Tarihteki en eski mızrak olduğu bilinen ve 400.000 yaşında olan Schöningen Mızrağı’ndan beri, insanoğlu Paleolitik ve Neolitik dönemlerde saldırı ve savunma amaçlı çeşitli silahlar üretmiştir. Bu tür silahları, kinematik enerjiyle yüklenildiğinde ölümcül bir hale geldikleri için kinematik enerji silahı olarak nitelendirebiliriz.
Kinetik enerji silahı, patlayıcı veya başka herhangi bir yük yerine yalnızca merminin kinetik enerjisine dayalı bir silahtır.
Öldürmek için vur veya kinetik öldürme terimi, askeri havacılık alanında da kinetik enerji silahlarını tanımlamak için kullanılır. Öncelikle anti-balistik füzeler (ABM) ve anti-uydu silahları (ASAT) alanında kullanılmıştır, ancak bazı modern uçaksavar füzeleri de bu teknolojiyi kullanmaktadır. Öldürmek için vur sistemleri, tanksavar alanında yaygın olarak kullanılan bir sınıf olan daha geniş kinetik mermi sınıfının bir parçasıdır [3].
Kinematik enerji silahlarıyla şu ana kadar henüz bir uydu veya balistik füze imha edilmemiştir. Yani bu durumda varsayımsal davranabiliriz. Ama Amerikan ordusunun yüksek öncelikli hedefleri yok etmek için kullandığı yeni nesil bir suikast silahı kendini sahada kanıtlayabilmiştir. Bu silahın adı “AGM-114R9X” ya da daha yaygın ismiyle Ninja Füzesidir.
Al-Masri ve Al-Zawarihi’yi Öldüren Teknoloji:
Abu al Khayr al Masri, özellikle El-Kaide'nin İran'daki faaliyetleri ve örgütün Suriye'deki kolu olan Cephe el-Nusra'nın liderliği gibi konularda önemli bir rol oynamıştır. Ayrıca El-Kaide'nin örgütsel yapılanması ve finansmanı konularında da aktif bir şekilde çalışmıştır. 27 Şubat 2017 tarihinde, Suriye’nin İdlib kentinde bir hava saldırısı sonucu öldürülmüştür. Al-Zawarihi ise Usame Bin Ladin’in öldürülmesinden sonra El-Kaide’nin yöneticiliğini üstlenmiş ve 31 Temmuz 2022 yılında bir hava saldırısı sonucu öldürülmüştür. İki hedef için de kullanılan füzenin herhangi bir patlayıcı başlık içermemesi durumu ilginç kılan bir faktördür. Bu yüksek önem derecesine sahip hedefler için kullanılan füze, AGM füze sınıfından olan AGM-114R9X füzeleridir.

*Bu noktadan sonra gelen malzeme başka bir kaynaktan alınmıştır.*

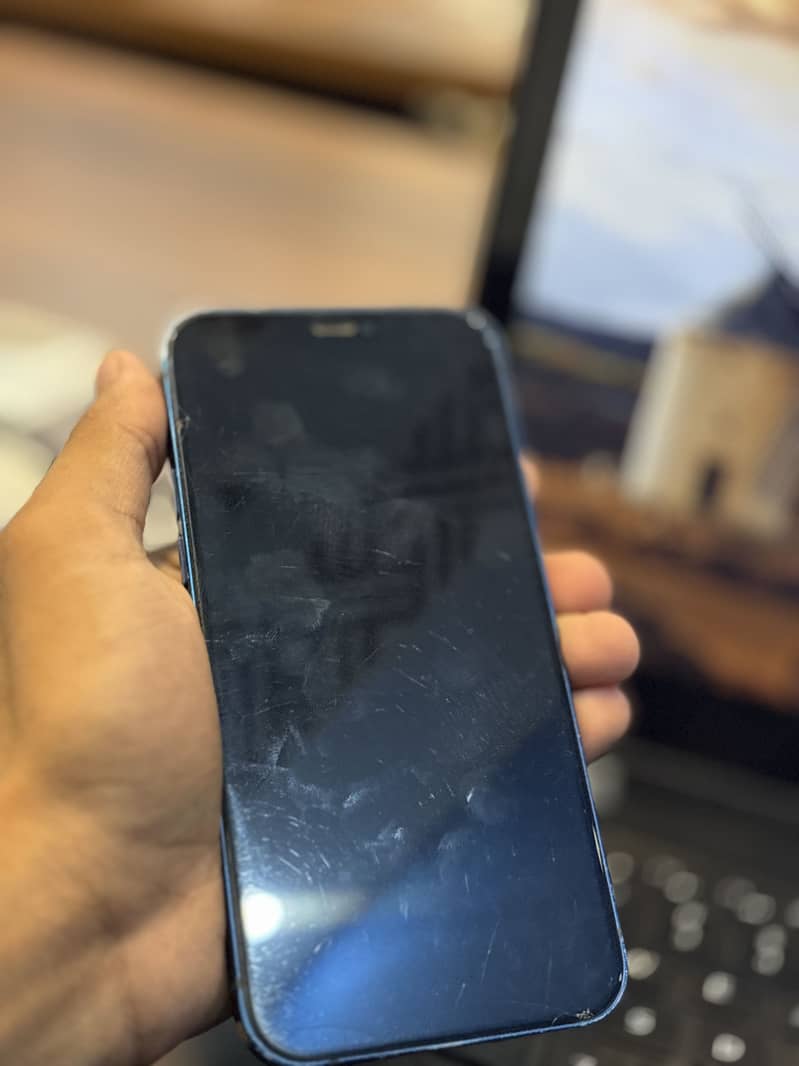 Apple iPhone 12 2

"Ninja bombası" olarak da bilinen R9X, Obama yönetimi altında geliştirildi ve patlayıcı bir başlık barındırmadığı da bilinen bir gerçek. Darbeden önce açılan altı bıçakla donatılmış bu füze, hedefini herhangi bir patlama etkisi olmadan parçalayabilen bir silah teknolojisidir.
AGM-114R9X'in, standart Hellfire füzelerinin aksine, hareketli bir namlu ile donatılmış bir silah sisteminden ateşlenebilecek şekilde tasarlanmıştır. Bu sayede, füzenin bir insansız hava aracından (İHA) fırlatılması yerine, doğrudan bir helikopterden de atılabilmesi mümkündür.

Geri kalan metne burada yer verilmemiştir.